Posted by wideye | October 31, 2007 12:51 PM
Hi guys,
I've been following your reports on Mirant, the CTs ('Peakers'), and PG&E, and find them to be very solid.
But what they are missing is the key puzzle piece to fill in the entire picture.
That key puzzle piece is the crucial difference between the three diesel turbines at Mirant, and the big gas turbine at Mirant.
At the October 23 SFPUC regular meeting, a representative of the Bay Area Air Quality Management District, at the request of Commissioner
David Hochschild, gave groundbreaking testimony which showed that the three diesel peaker turbines produce 60% of the air pollution from Mirant, while producing only 3% of Mirant's electricity. (See attached pdfs for his testimony and slides.) The 206 megawatt Mirant gas turbine on the other hand produces 97% of the electricity and only 40% of the
air pollution. The BAAQMD staffer went on to clarify that when we compare the 206 megawatt Mirant gas turbine, and the three CTs (145 megawatts) running at their maximum allowed operation (4000 hours per
year), both gas facilities will produce almost -exactly- the same amount of air pollution.

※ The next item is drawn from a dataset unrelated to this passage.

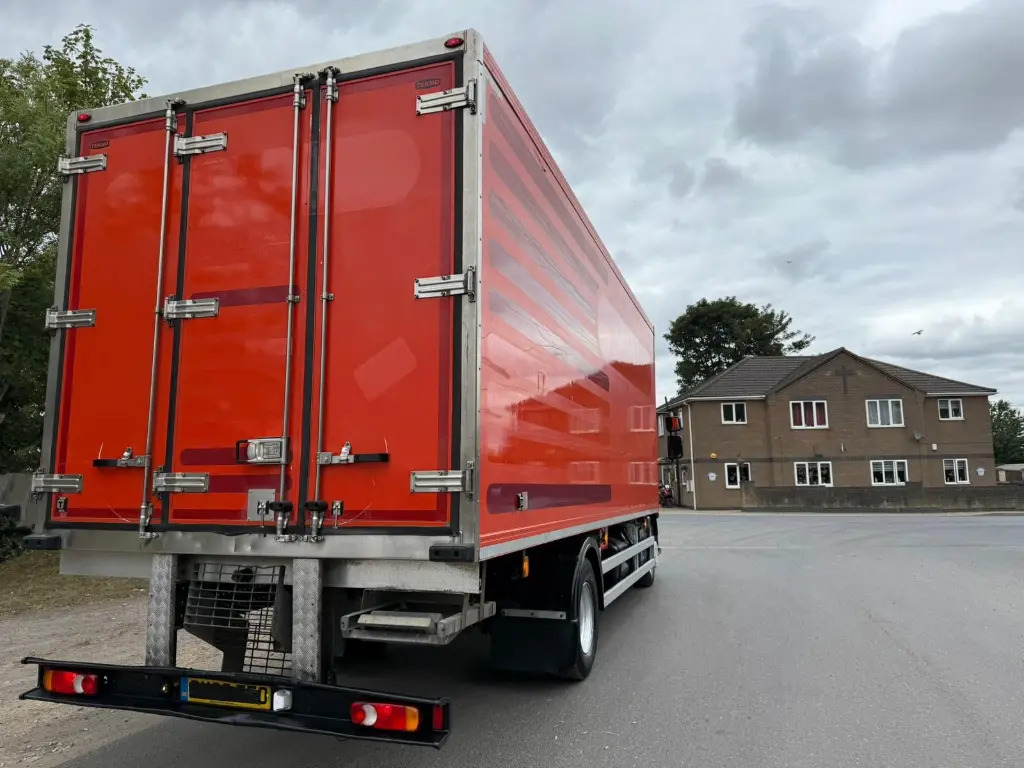 Caminhão frigorífico Renault D16 High - Fridgebox: foto 8 Caminhão frigorífico Renault D16 High - Fridgebox: foto 8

So when we peel away all of the onion layers, this issue is literally - all about, an only about, the -diesel- turbines.
Because those diesel peakers are so dirty, they are only allowed to run about 900 hours per year (hence the 3%). In replacement terms, this means that a mere 34 megawatt efficiency or renewable project would
completely replace the diesel peakers.
So, if San Francisco simply ignores the California Independent System Operator (Cal ISO) and focuses only on closing down those dirty diesels, here's what will happen. First Cal ISO will not remove the Reliability Must Run status of Mirant and at least the gas turbine will continue to run. Upon December 2008, water regulations will require that Mirant
and/or Cal ISO will have to put mitigation equipment on the water cooling system on the Mirant gas turbine, thereby solving the Bay water
pollution problem. The diesel turbines will technically be allowed to run until January 2010 when very strict air quality regulations will kick in and force the shut down of those diesel turbines. Mirant and Cal
ISO will not waste funds upgrading those diesels to clean them up when they only produce 3% of Mirant's electricity output.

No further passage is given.